What could we expect yesterday? Tsang could not at one stroke restore stability and sanity to a property market that has locked half of the city into a price spiral, with the other half locked out. He has said, often enough and rightly, that in trying to make housing more affordable, the government has to be careful not to adopt measures that risk destabilising the market. The pledge to make land available for 20,000 private residential flats a year for 10 years, to be overseen by a committee headed by the financial secretary, is a measured attempt to ensure market stability. The provision of 5,000 small and medium-sized flats for the 'sandwich class' under a rent-for-purchase scheme that subsidises first-time buyers is an acceptable intervention in present market conditions.

We still need more vision. Such measures will buy time and political breathing space until cyclical factors like interest rates weaken demand and prices. Sustainable land and property market policies in an open economy that is now a magnet to cashed-up mainlanders, is another big issue left to Tsang's successor; likewise the growing wealth gap, despite increased assistance to low income families through subsidies and a welfare safety-net fund financed by the government and the business sector.
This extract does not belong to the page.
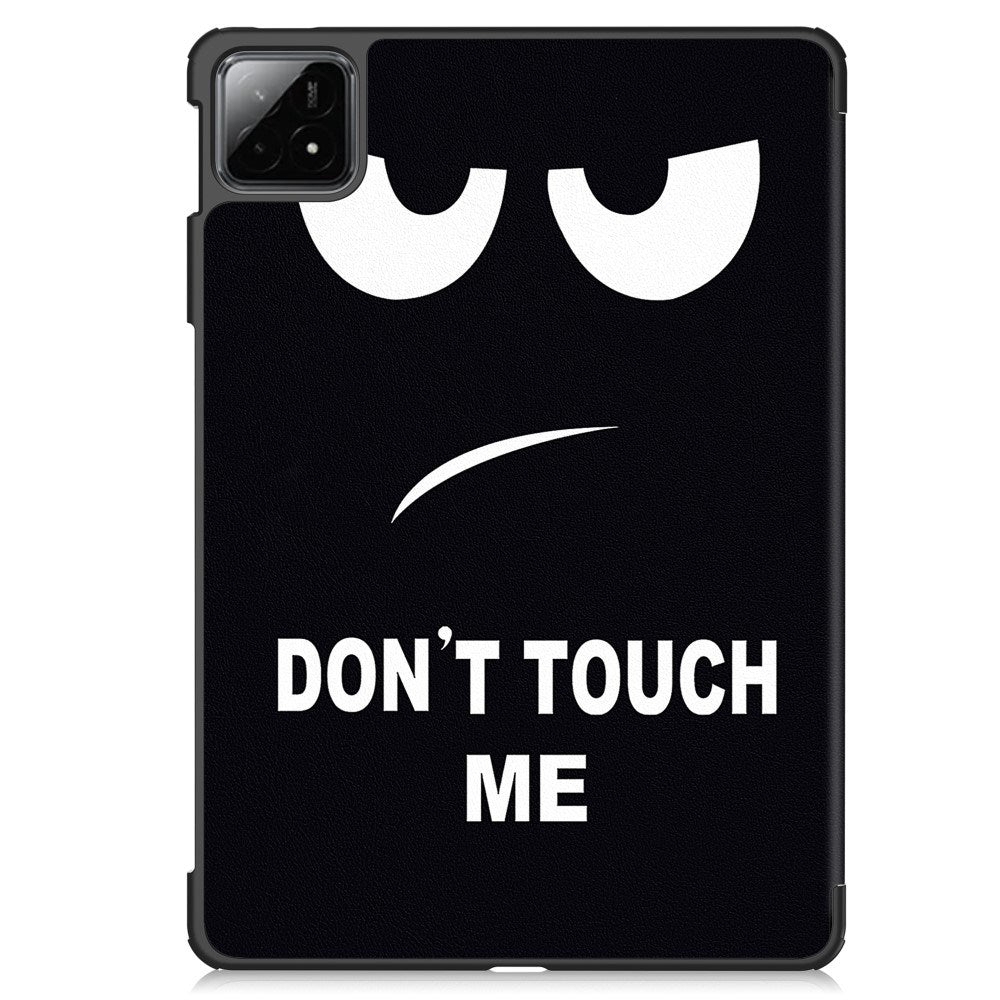 EIDERWOOD Xiaomi Pad 6S Pro Tri-Fold Kunstlæder Tablet Cover m. Vågeblus Funktion - "Don't Touch Me"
That said, the lack of vision is partly our fault as well as that of the government. The community has in recent years come to expect policy addresses and budgets to be times of handouts. We talk of the need for vision to solve problems, but are too easily dissuaded from accepting the long-term challenge by reactive, short-term fixes and sweeteners. Also, vocal opposition from various interest groups too easily deters officials from pursuing the policy programmes Hong Kong needs. As a result, our city has not dealt with issues underlying housing, economic diversification, ageing and health.

Tsang notes that while Hong Kong has emerged in better shape than most places from the global financial crisis, it faces increasing risk to its open economy from asset bubbles, fragile recovery and sovereign debt elsewhere. That is a reminder that we cannot keep putting off the hard choices needed to realise the ideal of a prosperous, fair society that remains resilient to external shocks.